A glaring issue is the widening income gap. To avoid any accusations that he was waging class warfare, Greenhouse noted that his statistics were taken from a study by the Congressional Budget Office.
The study found that over the past 25 years, income for households in the bottom fifth of wage earners has risen 6 percent. By contrast, income for middle class households has risen 21 percent. Those in the top fifth have earned 81 percent more, and for the top 1 percent, income rose 228 percent.
Greenhouse asked the audience, “Who said this—Jessie Jackson, John Edwards or Ralph Nader?” and then he gave the quote, “The average American has gone exactly nowhere on the economic scale since 1980. He’s been on a treadmill, while the super rich have been on a space ship.
“It was Warren Buffett, who’s now the nation’s wealthiest man,” he told the crowd. “Buffett also said, ‘There’s class warfare, alright, but it’s my class—the rich class—that’s making war, and we’re winning.’”
Depressing statistics about American workers abound, he said. One in six lacks health insurance. Wages have basically been flat since 2001. One in four manufacturing jobs has vanished in the last 25 years.
The squeeze on dignity has been just as pernicious, Greenhouse said.
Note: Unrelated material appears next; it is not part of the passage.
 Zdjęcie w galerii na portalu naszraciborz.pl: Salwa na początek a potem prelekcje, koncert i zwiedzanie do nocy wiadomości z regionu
He gave some examples, including a computer engineer in California who was fired in front of his eight year old on Take Your Daughter to Work Day, and an engineer in Seattle who was forced to train workers in India who would be taking over her job.
“Northwest Airlines once gave a booklet to laid off workers, in theory, to help them make ends meet,” he said. “The booklet was called 101 Ways to Save Money. Among the suggestions were: borrow a dress for a big night out; shop at auctions or pawn shops for jewelry; and don’t be shy about pulling something you like out of the trash.”
Greenhouse placed much of the blame on globalization, Wall Street’s obsession with maximizing profits and wholesale shredding of the country’s post-World War II social contract.
There are corporate bright spots, though, such as Patagonia, where workers are encouraged to take two hour lunches to go surfing, and Ernst & Young, where flexible scheduling allows people to spend more time with their families. They are, he said, successful companies that others should look to for inspiration.
“For too long, the nation has ignored the situation for the nation’s workers,” he said. “Something has to be done to revalorize workers, so that they’re treated with more dignity.”